Mike, if Government renationalised much of the UK energy industry would things be any better than they are today? I doubt they would. MacDonell has said he would borrow to renationalise, wisely not just grab energy assets which would scare off investors big time. But wouldn’t the money be better spent on the NHS?
I agree the loss of UK manufacturing industry is a great shame. Perhaps freeing the UK from the clutches of the EU might help power equipment makers. We’ll no longer be bound by EU procurement directives which over the last 30 years seemed to help continental firms enter the UK, but not so much UK firms exporting to the continent. Where protectionism was rife, but UK power equipment companies were sold off to foreign buyers.
Also EU state aid rules will no longer apply leaving the UK Government to decide policy on supporting industry e.g. steel making. Devaluation of Sterling against the Euro should also help manufacturing stay in business, even if export tariffs to Europe apply.
So making UK a low income county seems to be the target, to draw clothing manucfacturing from bangla desh and steel manufacturing from china by lower wages in UK than in china or bangladesh, do I understand you right?
UK also has the problem, that higher qualified people went to financial industries, not manufacturing. They can not work at two places at the same time. So decline of manufacturing is partly the other side of the coin of rising financial sector. brexit might get the financial sector in troubles as well…..
This is in response to Mr West’s comment.
UK DNOs need to be re-nationalised they are just money machines for foreign interests (e.g. Northern Power – Warren Buffet). As for the rest – gov could set up competition to both the generators and the retailers (essentially the same thing). “Scare off investors big time” – hmm that comment would have some validity were it not for Prof Michael Grubb stating publicly (several times) that the UK power sectors has “milked its assets” – I was there and asked for clarification – & indeed he meant what he said. Grubb advises Ofgem. You were saying about scaring off “investors”? Really? What investors?
Where I started to laugh […] was the comment about “money better spent on the NHS”. The UK has a sovereign currency. This means that the gov’ through the bank of England can create money – without limit – up to the point where the UK economy is at full capacity. Thus there is no false “choice” – spend money on NHS or re-nationalistion – both are possible.
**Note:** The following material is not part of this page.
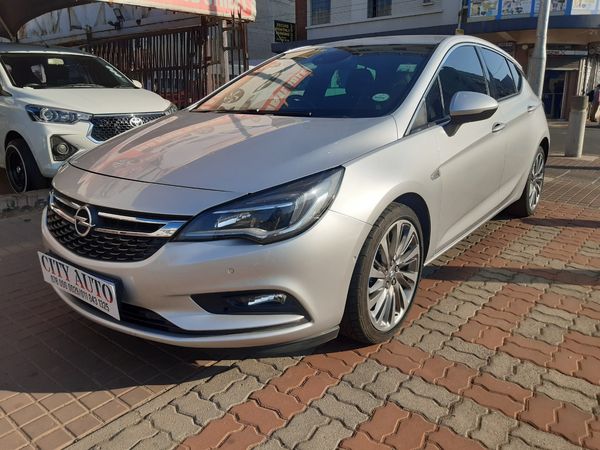 2017-Opel-Astra-16T-Sport-Plus-5-dr image:15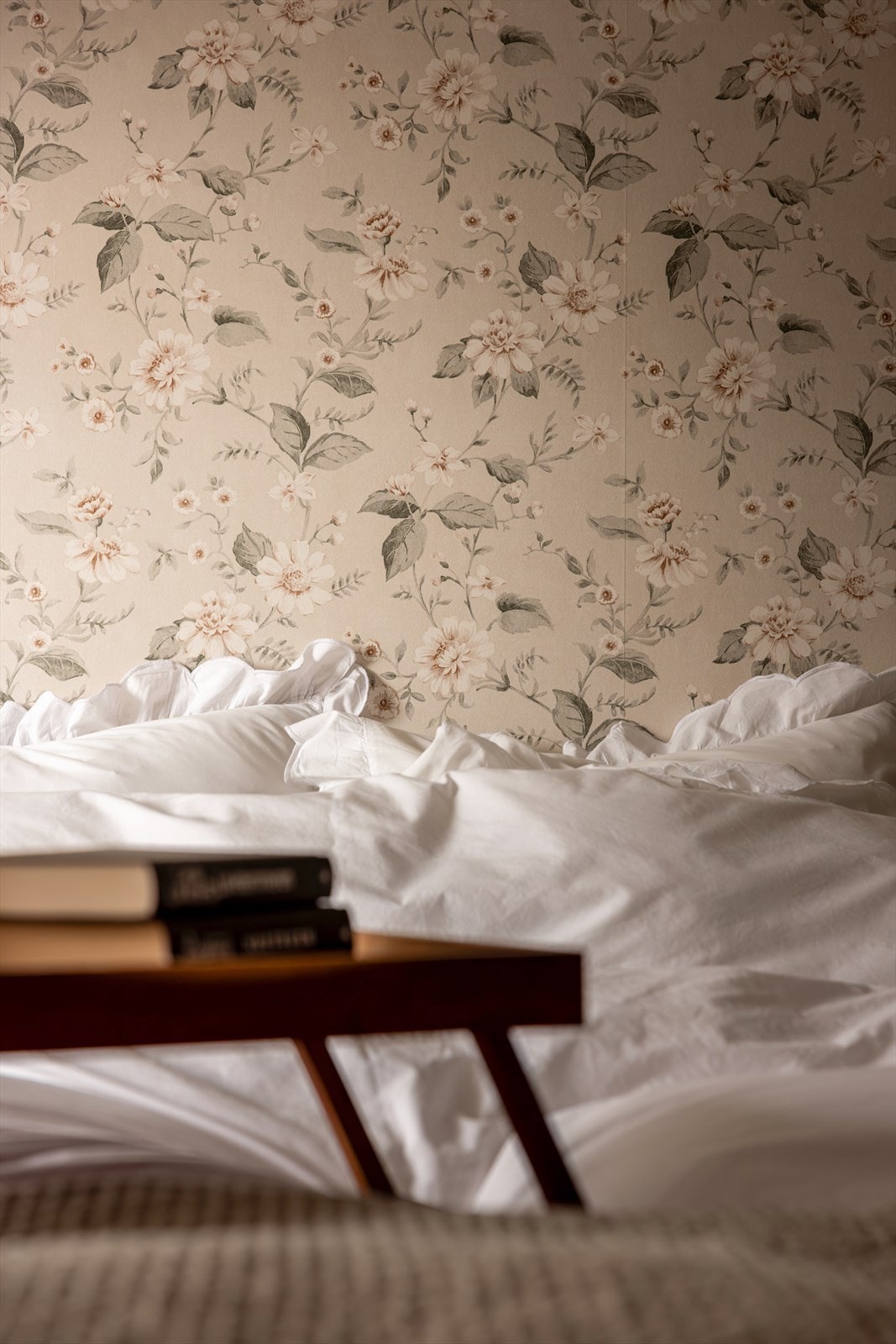 På hovedsoverommet er det en kontrastvegg med tapet. Resterende veggflater er malt. Galleribilde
NB: this is not about gov debt (which is optional) this is simply “printing money”. EU countries in the Euro zone are unable to do this due to the 3% deficit limit.
[…]
The loss of UK mfu is not a “shame” – that puts it into the same pot as the football team you support losing a match – “what a shame”. The decline of UK mfu is a national scandal & disgrace. […] UK equipment mfus quoted on the UK stock market were sold off on the basis of “gee I can make a profit today selling their shares” aka Thatcher’s “markets rule OK” & “there is no such thing as (UK) society” (= bugger the social or industrial impact if I can make money so be it). Blaming the EU? pathetic. Pilkingtons to Asahai Glass? Boots to tax dodgers Cadbury’s (American asset strippers) etc etc ad nauseum & zero to do with the EU. All sold off for what? […]
State aid rules? another […] joke. What about Hinkley Pointless? State aid rules have a flexibility wrt their interpretation by DG Compo (coupled to the intensity/effectiveness of lobbying for a given issue). This makes them resemble a rubber ruler. & in the case of steel – I recall it was the Tories that were against implementing dumping measures against Chinese steel.
[…]
[This comment has been edited. Please refrain from personal attacks on this website.]
Re. creating money (quantitive easing), the UK Government has been playing that game since 2009 and needs to unwind the position soon. No, creating money to finance needlessly renationalising parts of the energy industry is far from desirable, particularly the DNOs.
Labour is morphing into a Marxist 1970s style party which will make them unelectable. So it’s not going to happen anyway, but re-nationalisation would achieve nothing. The public/voters do not care about DNOs being ‘money machines for foreign interests’. Indeed they are regulated so tightly foreign investors can keep them.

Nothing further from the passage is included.